Published 13 Mar 2011 in The Denver Post
Copyright ©2011 by Ed Quillen. All rights reserved.

Like a good citizen, I try to follow our General Assembly, but it hasn't been a pleasant process this year.

For instance, there was H.B. 1104, which would have required the Department of Revenue to tally up state taxes that might have been collected were it not for various income-tax credits, sales-tax exemptions, federal income-tax deductions and severance-tax exemptions.

Nobody seems to know exactly how much they amount to -- one estimate is a $2.2 billion a year loss in state revenue -- but it makes sense to learn the total and find out whether these hidden subsidies are serving any useful public purpose. It especially makes sense when the state budget is pinched.

So I hoped it would pass. But a House committee voted 7-6 to table it indefinitely, which is a technical term the legislature uses for "killed it because it might offend some campaign contributors who like the sweet deals they're currently getting from the state." Or perhaps they just had a problem with transparency and fairness. Most of us will continue to pay higher state taxes to make up for the taxes not being collected from parties whose names remain hidden.

Then there was the proposal to restore the sales-tax exemption on soda, apparently on the grounds that carbonated concoctions of high-fructose corn syrup are actually nutritious "food," and struggling families shouldn't have to pay a 2.9 percent sales tax on it.

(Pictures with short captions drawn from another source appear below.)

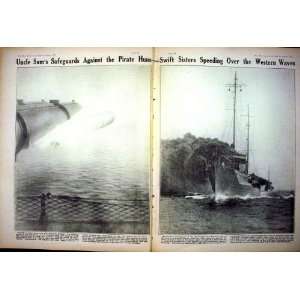 World War 1 Ship OBrien Torpedo Wilson Gerard New York  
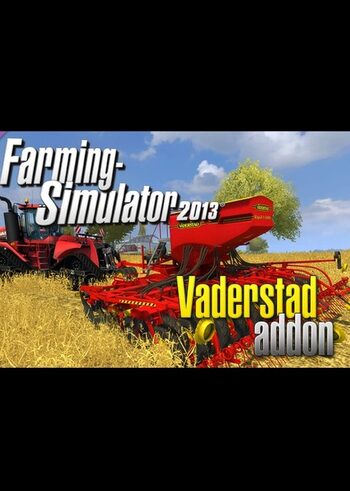 Farming Simulator 2013 - Väderstad (DLC) (PC) Steam Key GLOBAL
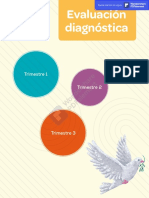 Evaluacion Diagnostica FCyE 1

Granted, the stuff does create jobs for dentists, weight-loss specialists and diabetes caregivers, so I suppose there's a certain logic to making pop slightly more affordable. And hey, while they're at it, go ahead and eliminate those job-killing taxes on tobacco, beer and whiskey, too.

I've also been trying to follow legislation supported by our secretary of state, Scott Gessler, who wants to protect us from voting by non-citizens, even if it hasn't been much of a problem in Colorado.

He testified last week in support of House Bill 1252, which would give him the authority to request proof of citizenship from any voter who he "believes is not a citizen of the United States."

This got me to wondering. I've been voting regularly in Colorado for nearly 40 years, but how could I prove I was a citizen if the secretary of state came calling?

After all, I have brown eyes and live in a town with a Spanish name, on soil that was once part of Mexico. Certainly "reasonable" grounds for suspicion for some people these days, especially since I often vote for candidates who are not from Gessler's party.

I don't have a passport. I don't even know where my birth certificate is, and I don't know what that would prove anyway. It describes a 19-inch-long male human who weighs 7 pounds, 3 ounces. That could fit about half the people who are of my approximate age.

There''s an honorable discharge from the U.S. Army in some box in our cellar, but the DD-214 doesn't describe me and besides, it proves nothing about citizenship -- back in the day, I knew a couple of resident aliens who got drafted.

I do have a photo ID, a state driver's license, but all that really proves is residence and the ability to pass a test, not citizenship.

If Geissler gets his way, I'll have to shell out $165 for a passport, just to be sure I can vote in my own country. That should cut down on the number of people voting, which is likely what Gessler really wants, despite all his expressed concerns that "thousands of non-citizens are registered to vote in Colorado."